--- START ---

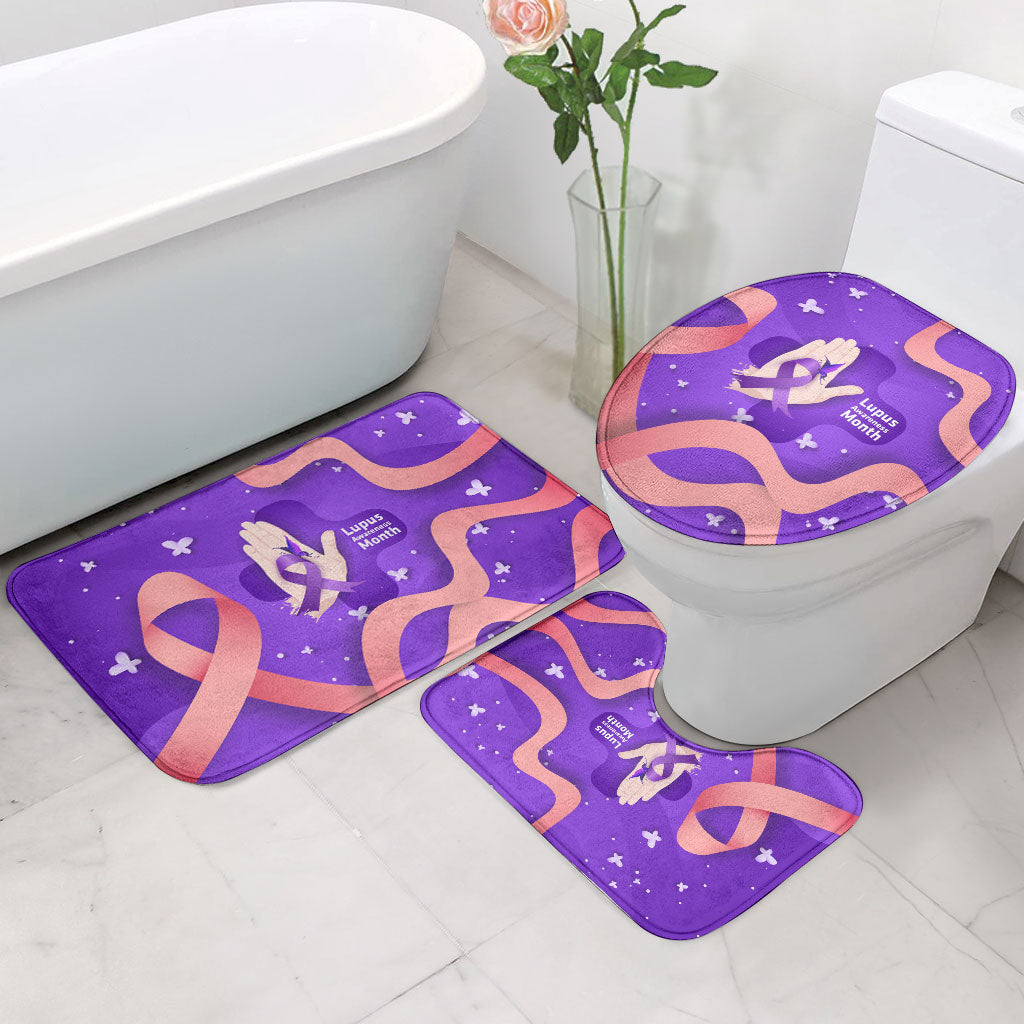 Lupus Awareness Bathroom Set Her Fight Is My Fight - Purple Ribbon Butterfly Wave Style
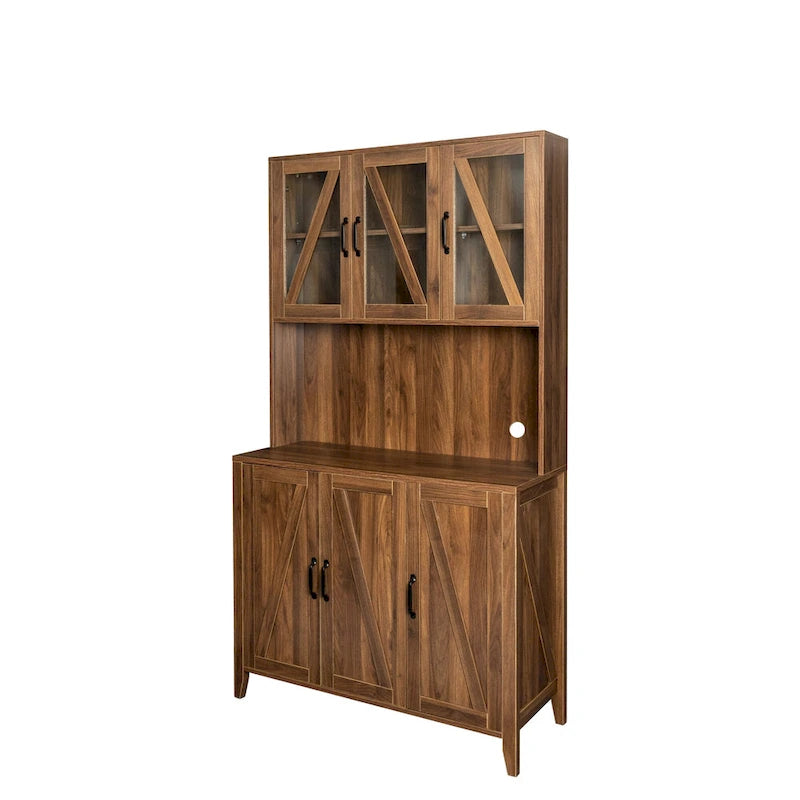 Pantry Storage Cabinet with Glass Doors - N/A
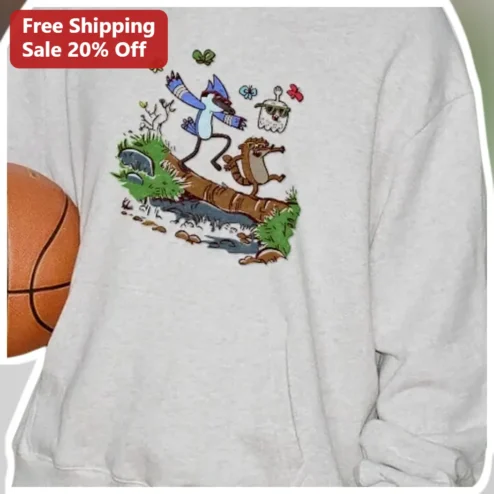 Regular Show Mordecai Rigby Skips Cartoon Network Sweatshirt available at our Chicago, Illinois warehouse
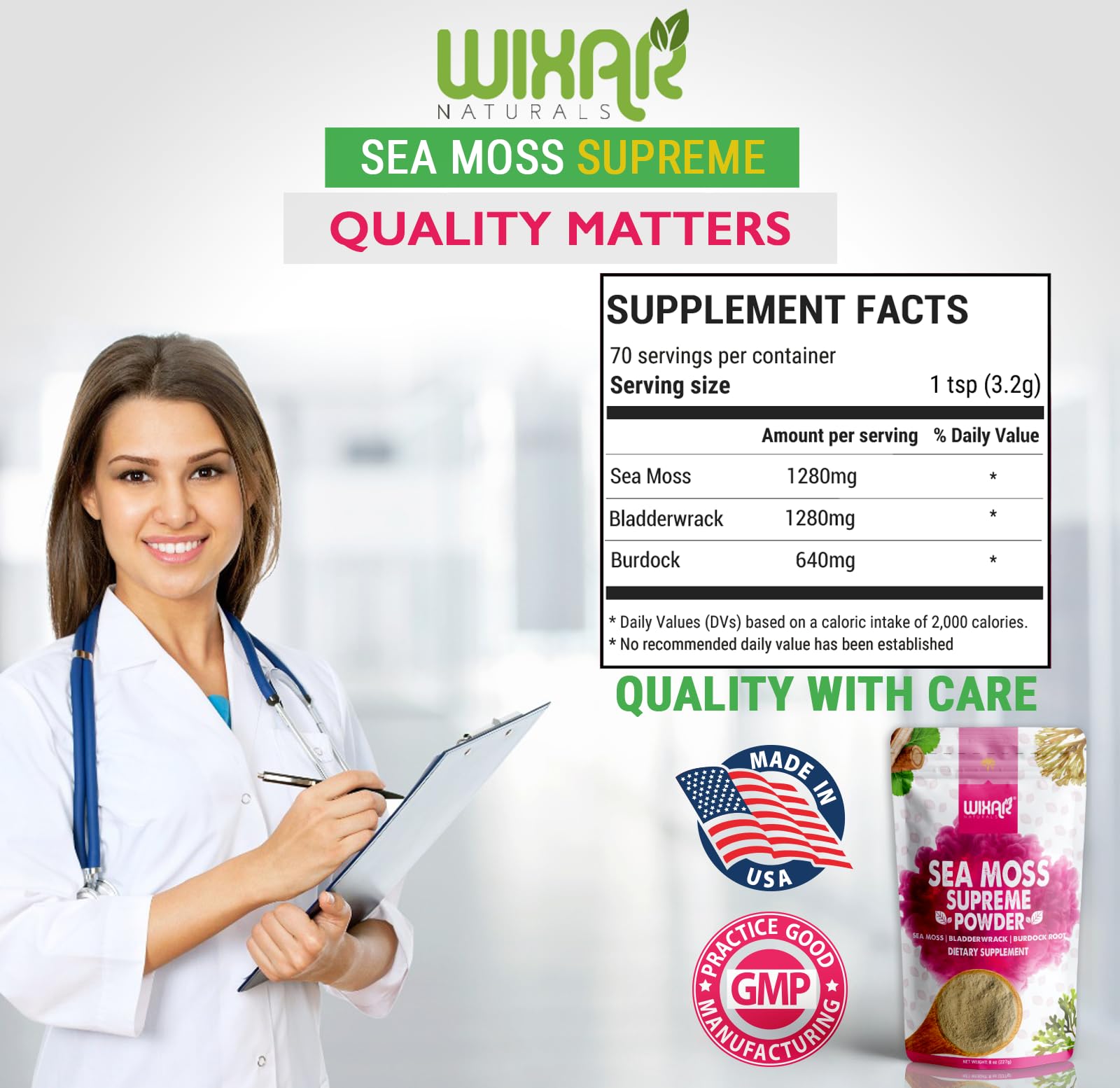 WIXAR NATURALS Sea Moss Powder in a glass jar
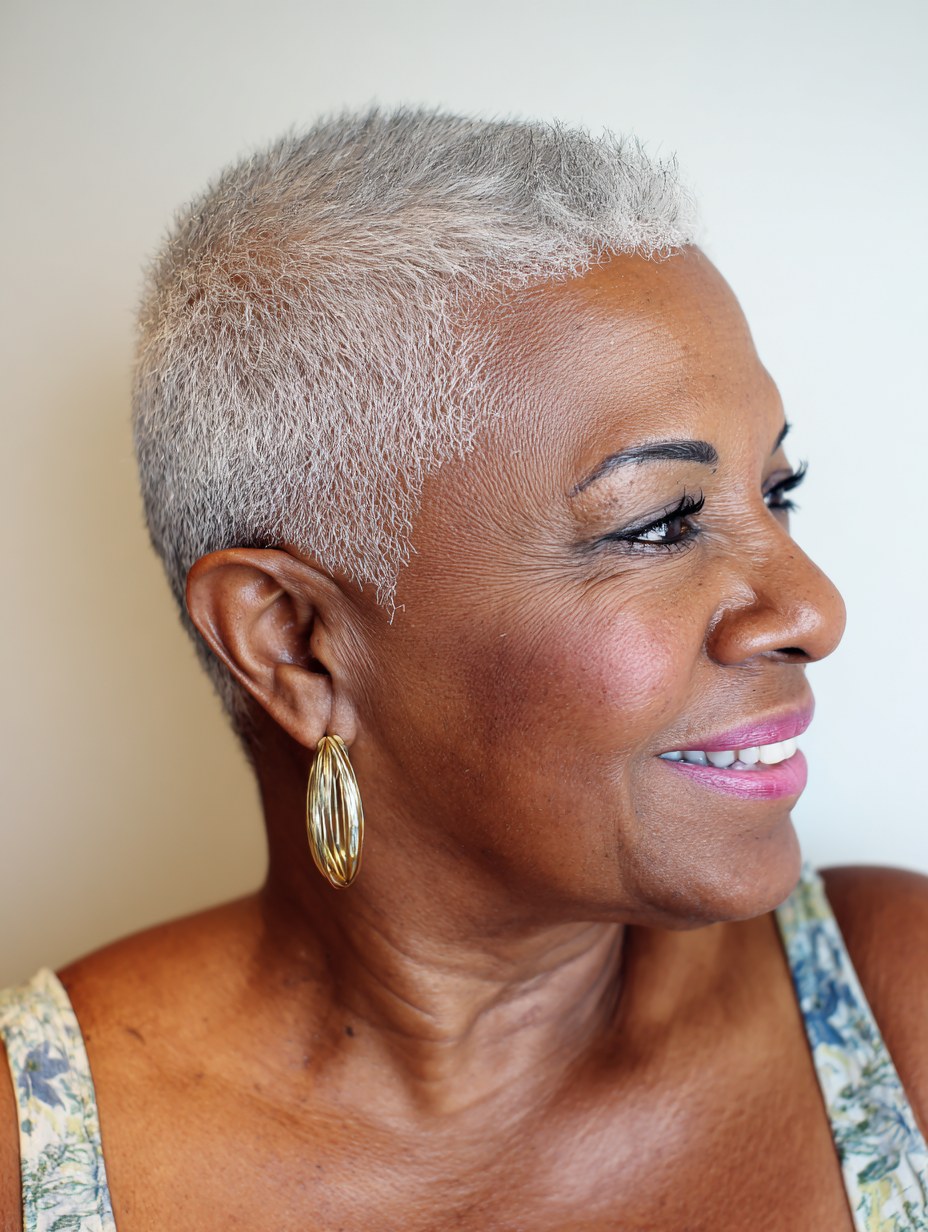 The Silver Buzz With Soft Edges — short gray natural haircut on a Black woman over 70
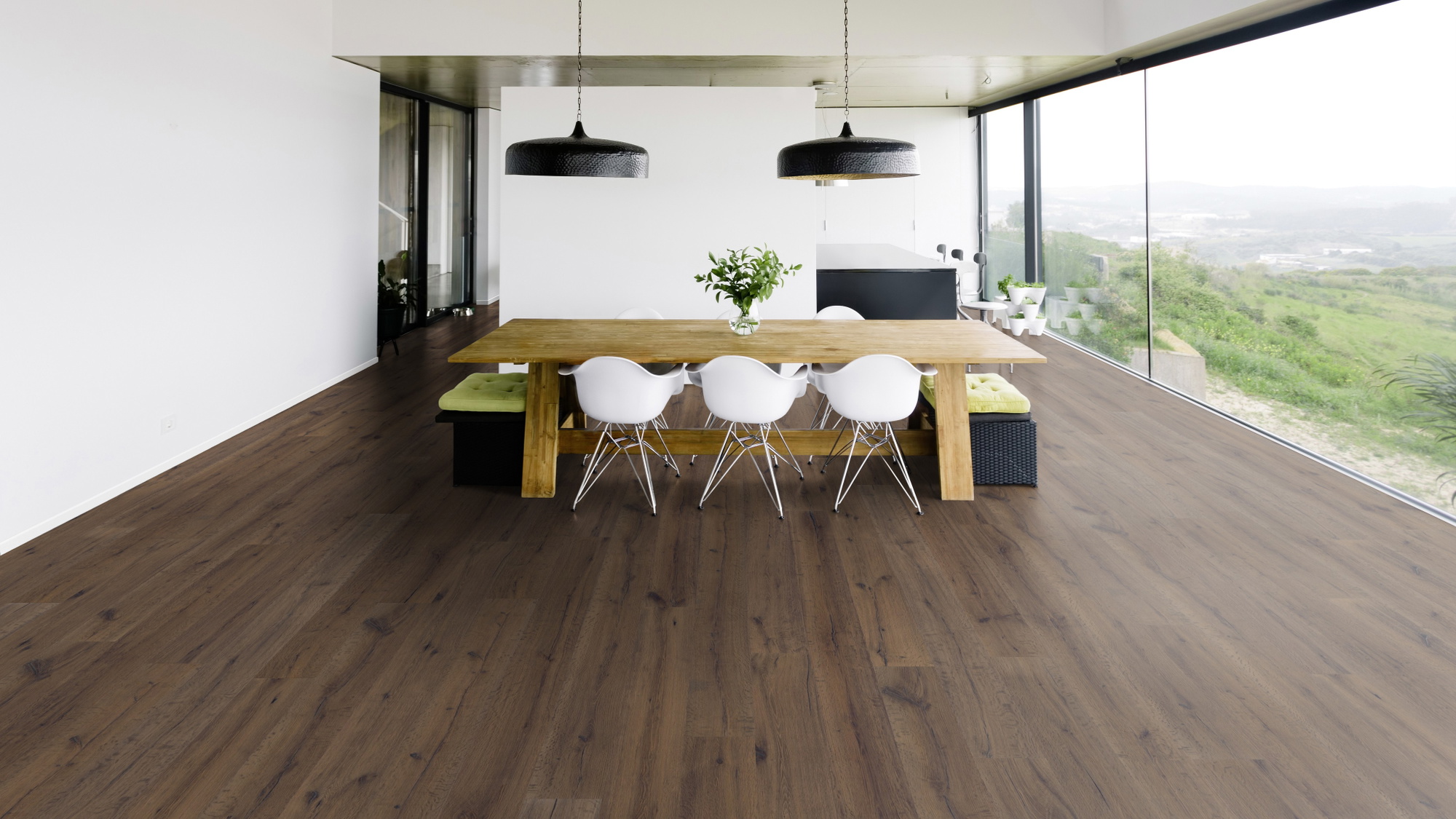 Milieubild Modernes Esszimmer mit Blick in die Natur - Bennett & Jones Parkett London Calling Oak No.28 Camden Market Milieubild Modernes Esszimmer mit Blick in die Natur - Bennett & Jones 1148011014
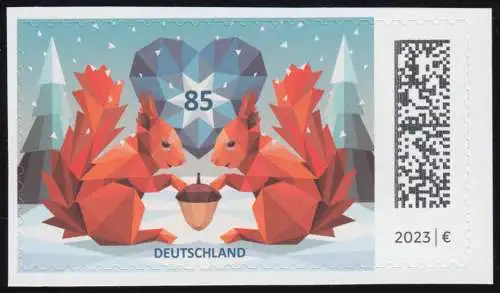 3802 Eichhörnchen im Schnee - selbstklebend, postfrisch **/MNH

--- END ---

▸ **What you need to do**: Output exactly, and only, the lines running from the line containing "Bennett & Jones 1148011014" to the last line of the entries above, omitting the pictures.

▸ **Result of the exercise**:
 Milieubild Modernes Esszimmer mit Blick in die Natur - Bennett & Jones Parkett London Calling Oak No.28 Camden Market Milieubild Modernes Esszimmer mit Blick in die Natur - Bennett & Jones 1148011014
 3802 Eichhörnchen im Schnee - selbstklebend, postfrisch **/MNH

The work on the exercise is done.